Perfect transmission of the ultrarelativistic quasielectrons in pristine graphene

Abstract

Within the framework of the Landauer-Buttiker formalism, the conductivity of one- and two-barrier graphene structures is calculated. The conditions for formation of the maximum value of the conductivity depending on the energy of ultrarelativistic quasielectrons as well as on the parameters of these structures (the values of Fermi velocity in different regions and the potential barriers height) are analyzed. It is believed that there is an electrostatic barrier and also the Fermi velocity barrier due to the fact that this quantity may aсquire different values in the barrier and out-of-barrier regions of the considered structures. The obtained expression for the transmission rates accounts for the π phase change of the transmitted wave function (which was not taken into consideration in the known formulae for the transmission rates of some papers). Consideration of this phase change leads to some new important features which characterize the transmission process in the graphene structures. We are the first to show that the effect of the supertunnelling manifests itself in graphene and it is observed both in the dependences of the transmission rates and of the conductivity on the quasielectron energy.
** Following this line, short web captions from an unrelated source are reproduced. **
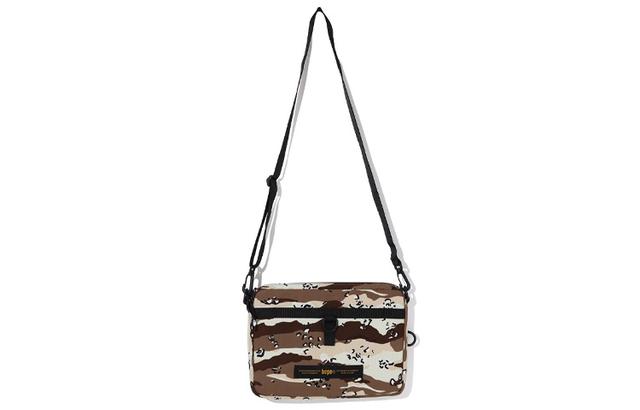 A BATHING APE Bape DESERT CAMO 3WAY BAG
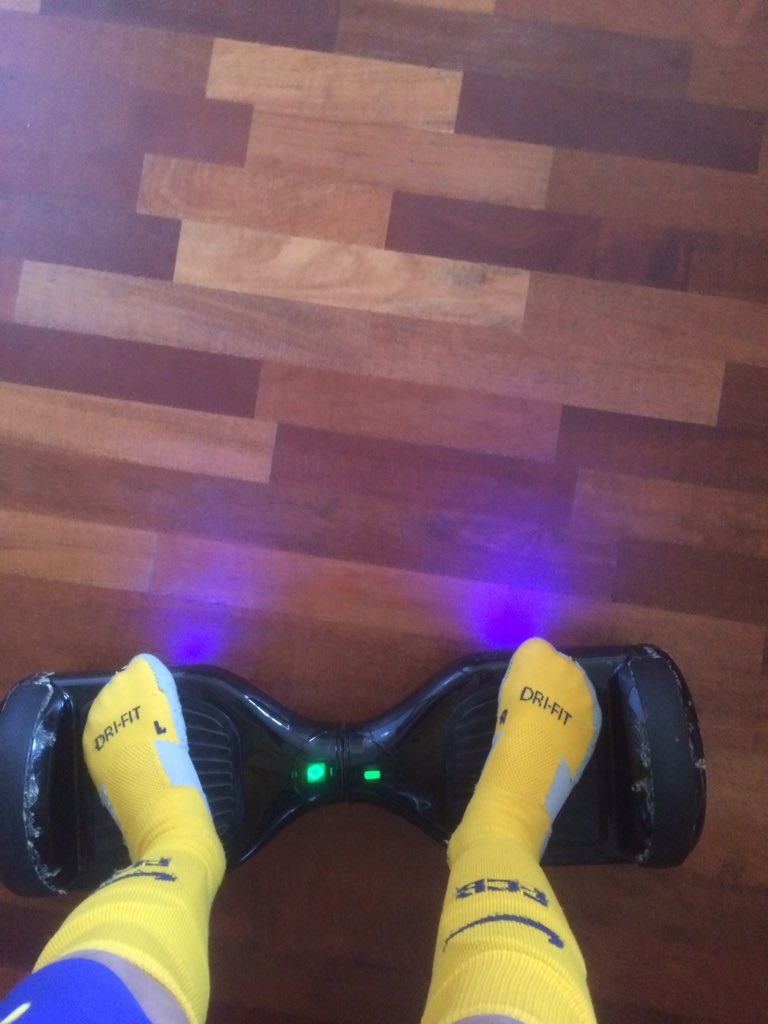 skeggs_daniel's tweet photo. Having fun on swegway!! https://t.co/GDPEPcuiky
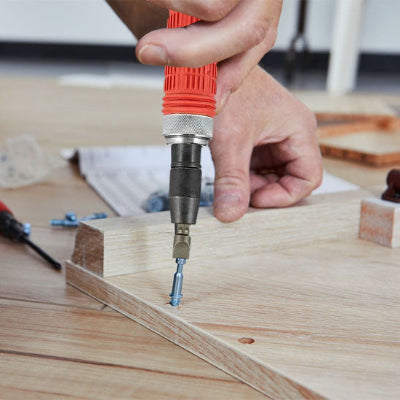 tournevis a frapper restauration meuble en bois
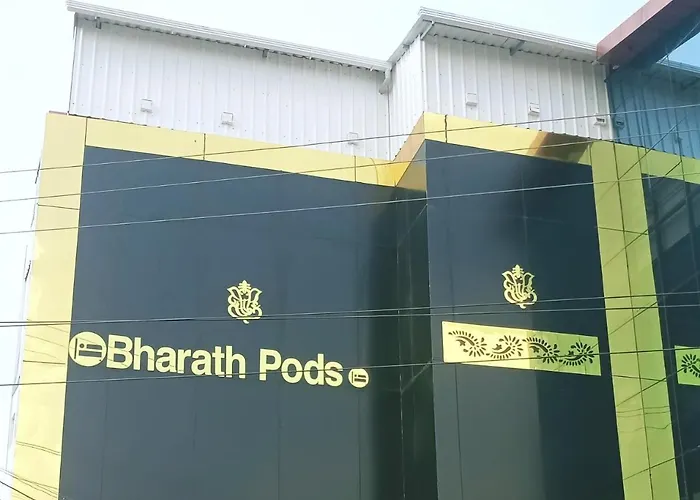 Bharath Pods Bed & Breakfast Coimbatore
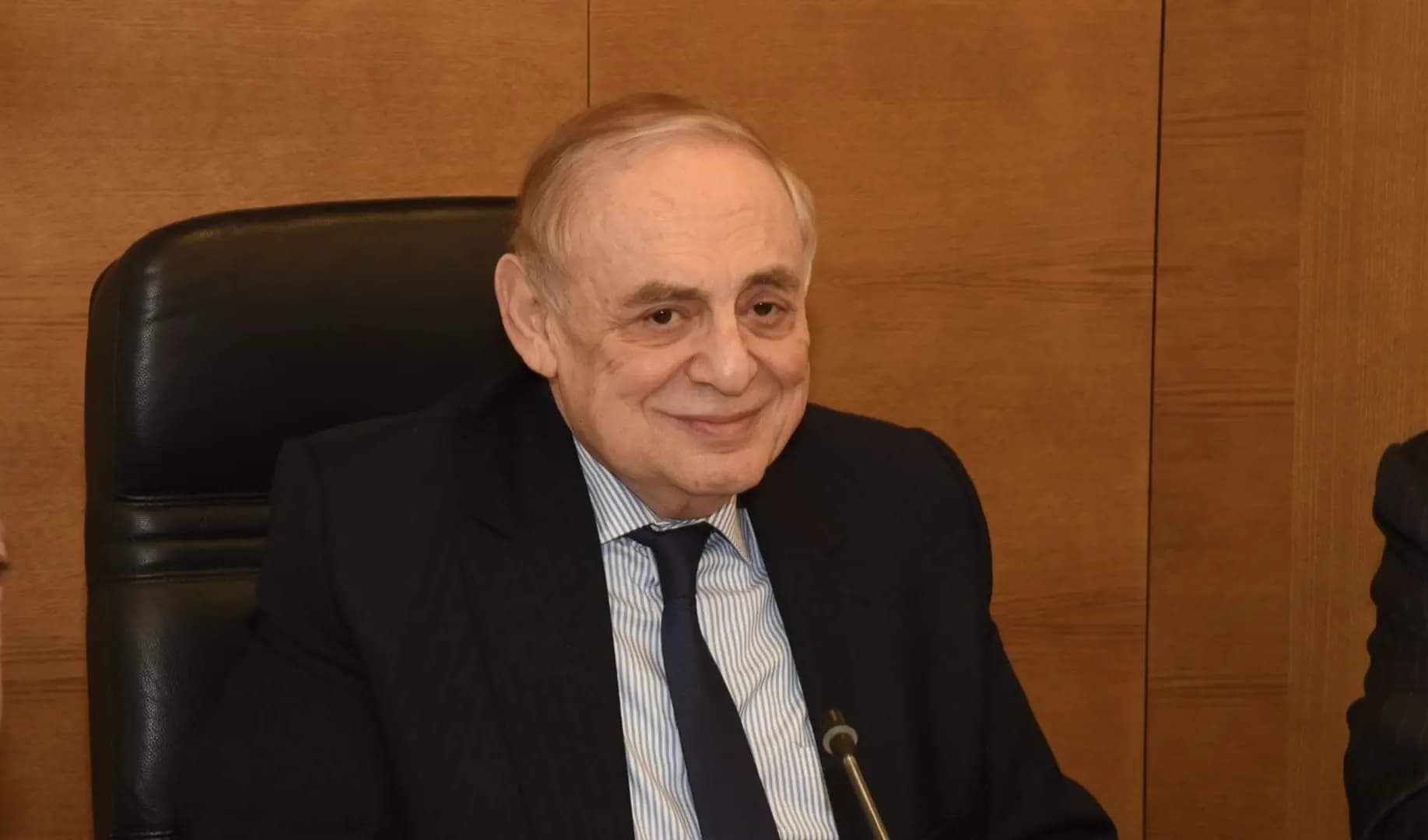 البستاني: لبنان يحتضر والحل موجود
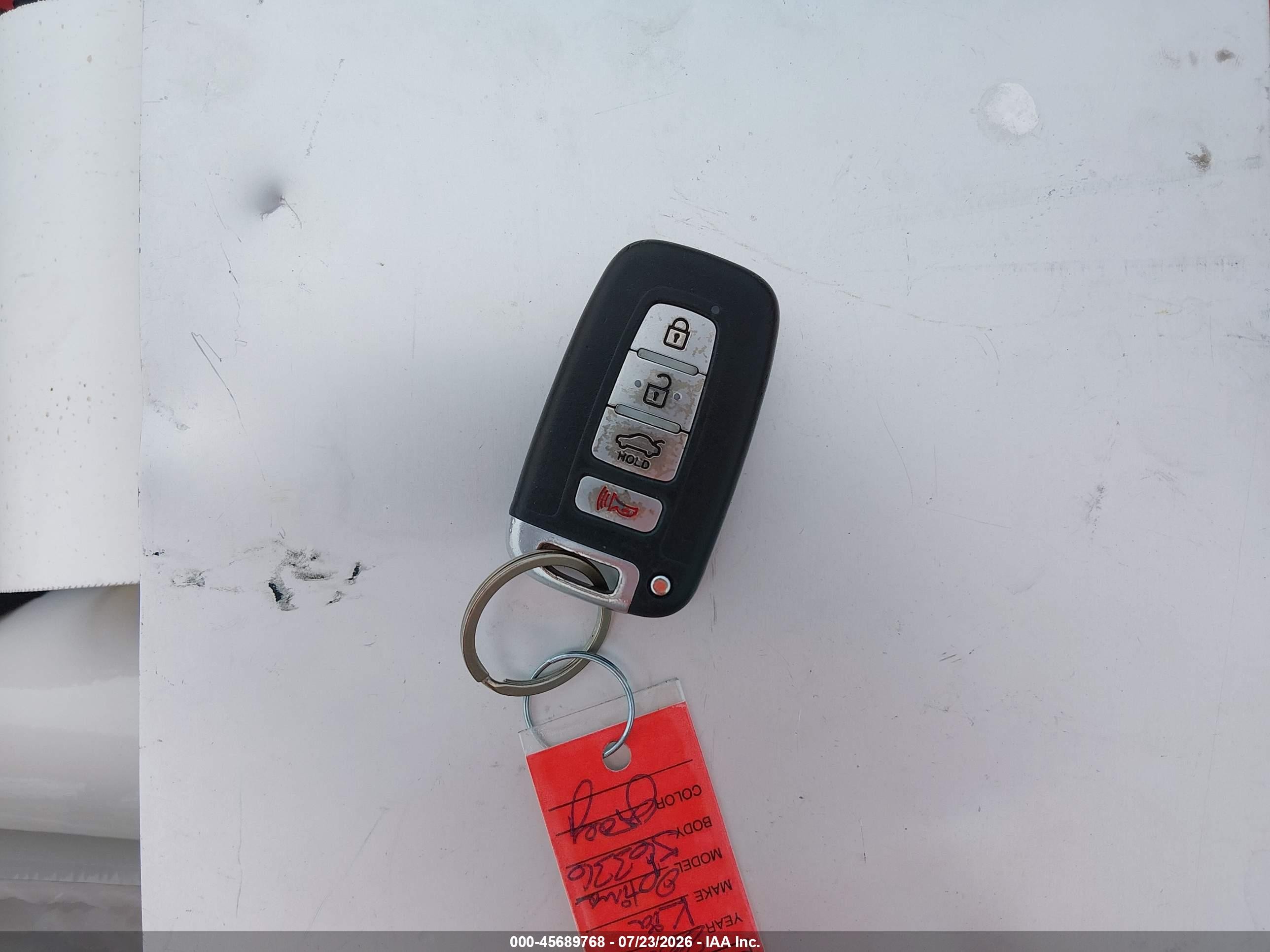 2013 Kia Optima Ex Silver vin: 5XXGN4A78DG148629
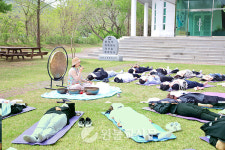 노마드형 명상, 시대가 원하는 힐링 선사한다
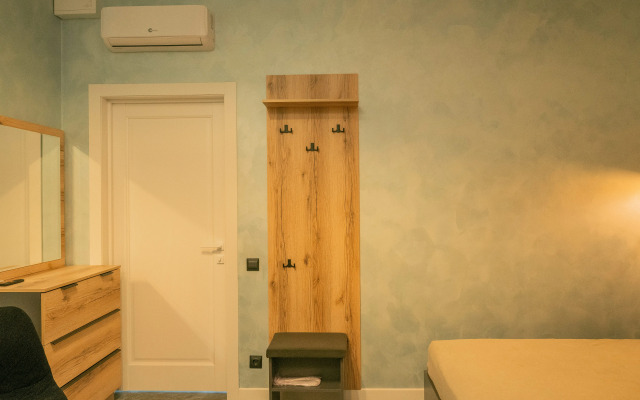 Апартаменты в центре города 2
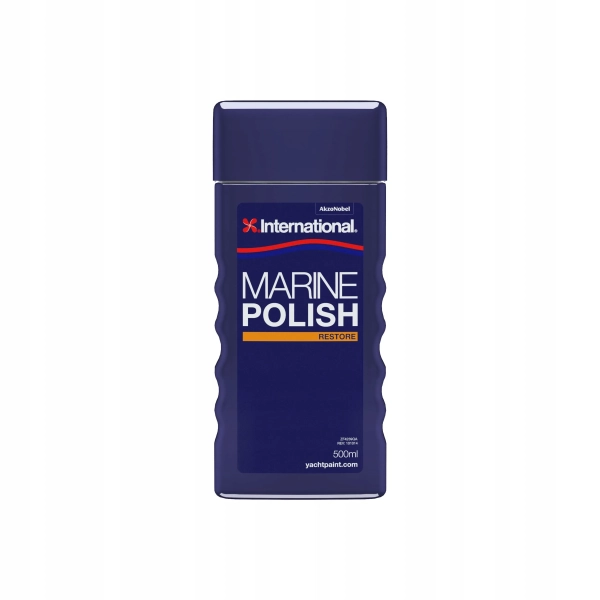 Marine Polish - Pasta do polerowania 500ml – International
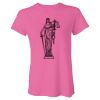 Ladies' Heavy Cotton™ T-Shirt Thumbnail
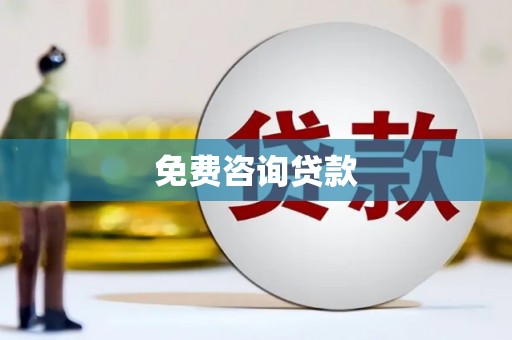新港免费咨询贷款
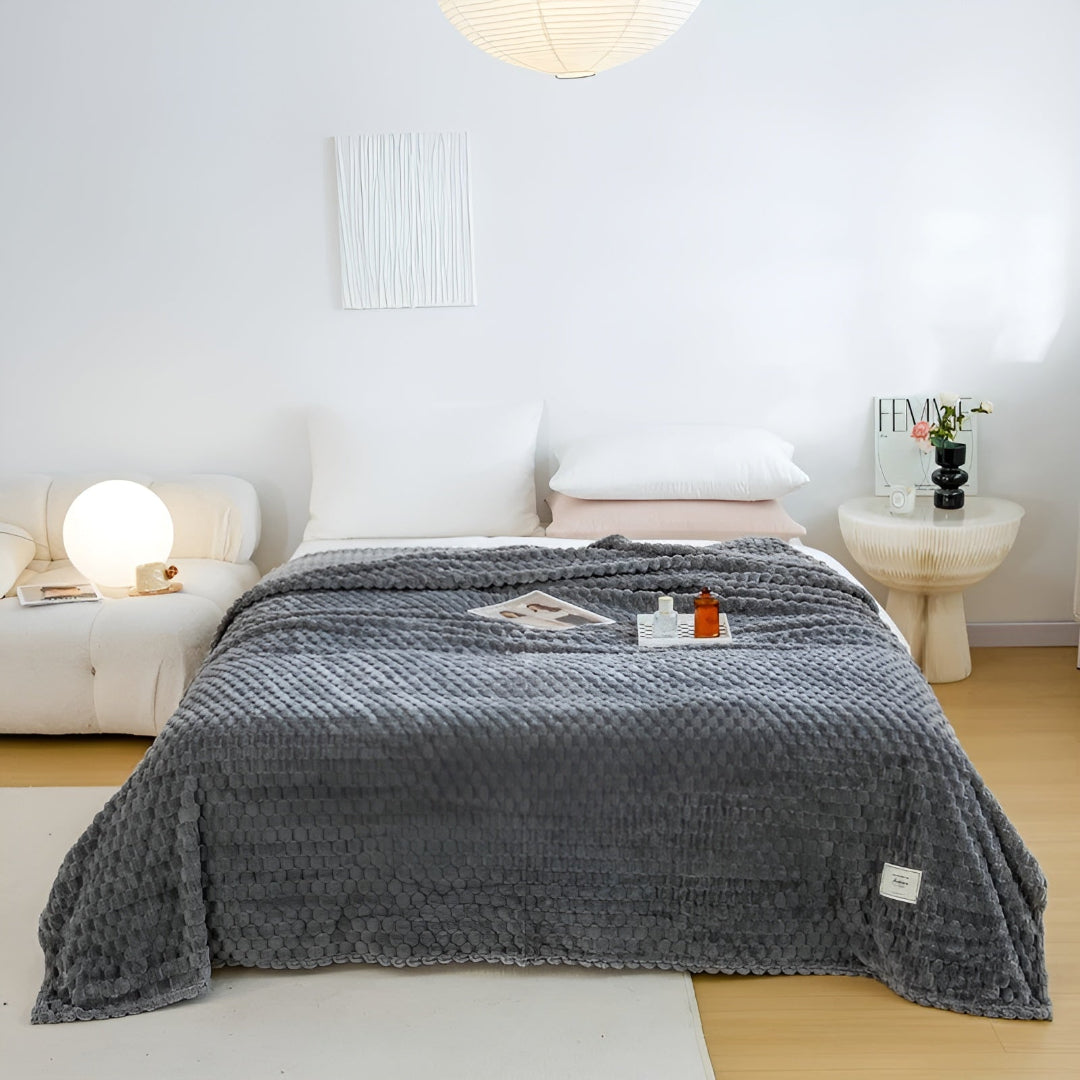 Couverture en micropolaire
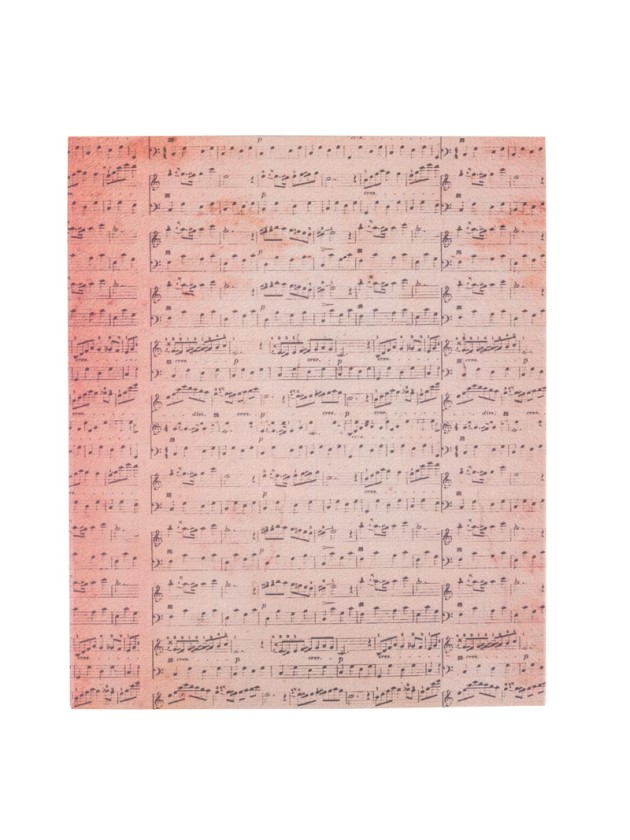 LIVRE D’OR 60 PAGES THEME MUSIQUE 24CM X 20CM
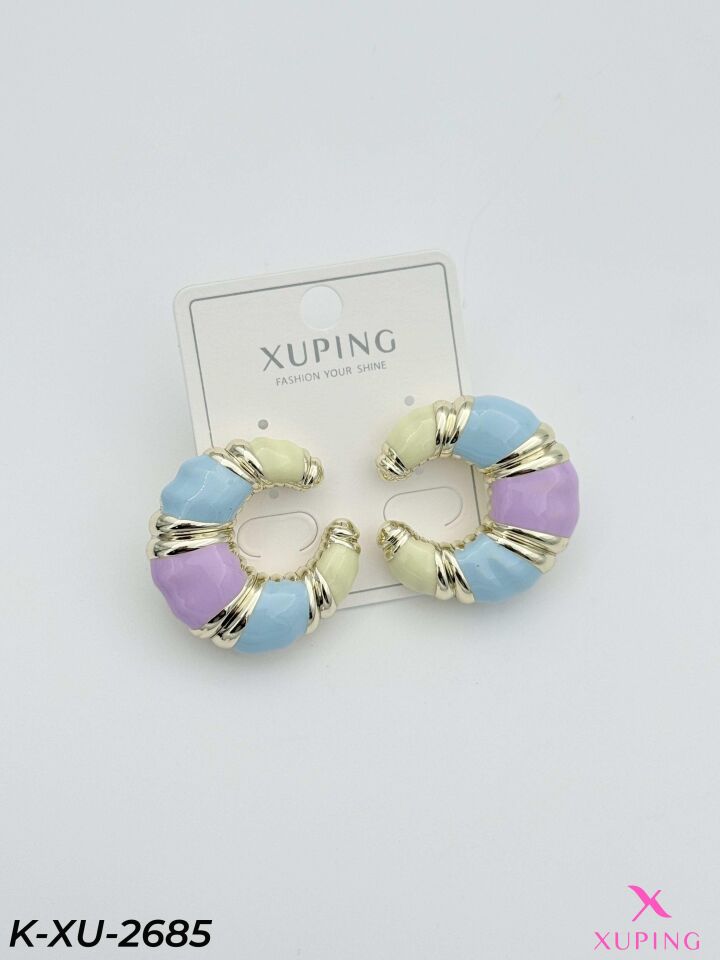 XUPING Küpe // K-XU-2685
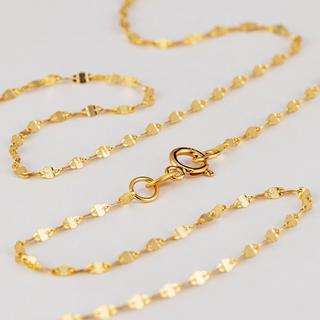 L' Atelier Gold 18 Karat by Manor  Halskette 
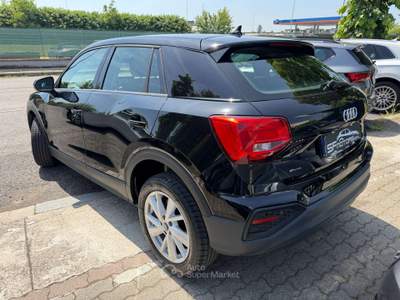 Audi Q2 Q2 30 TDI S tronic Business Advanced Nero usata Alessandria
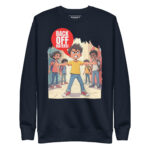 BACK OFF HATERS - Image 2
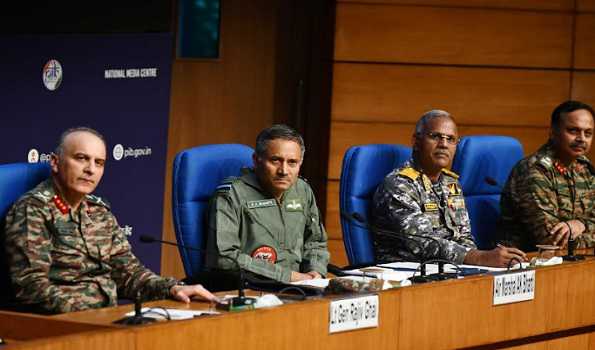 Op Sindoor a complete success: Air Marshal Bharti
This effect consists in the fact that, under certain conditions, the transmission through the structure is perfect (transmission rates T = 1) for the arbitrary angle of incidence of quasielectrons on the barrier. The expression іs given that determines the specified conditions for the supertunneling. The analysis of the transmission dependence on the problem parameters is also provided. • All-angled perfect tunneling can be observed in the graphene-based single barrier resonant-tunneling structure. • This type of tunneling significantly affects the conductivity of the given structure. • The analogous effect manifests itself also in the graphene based double barrier resonant-tunneling structure.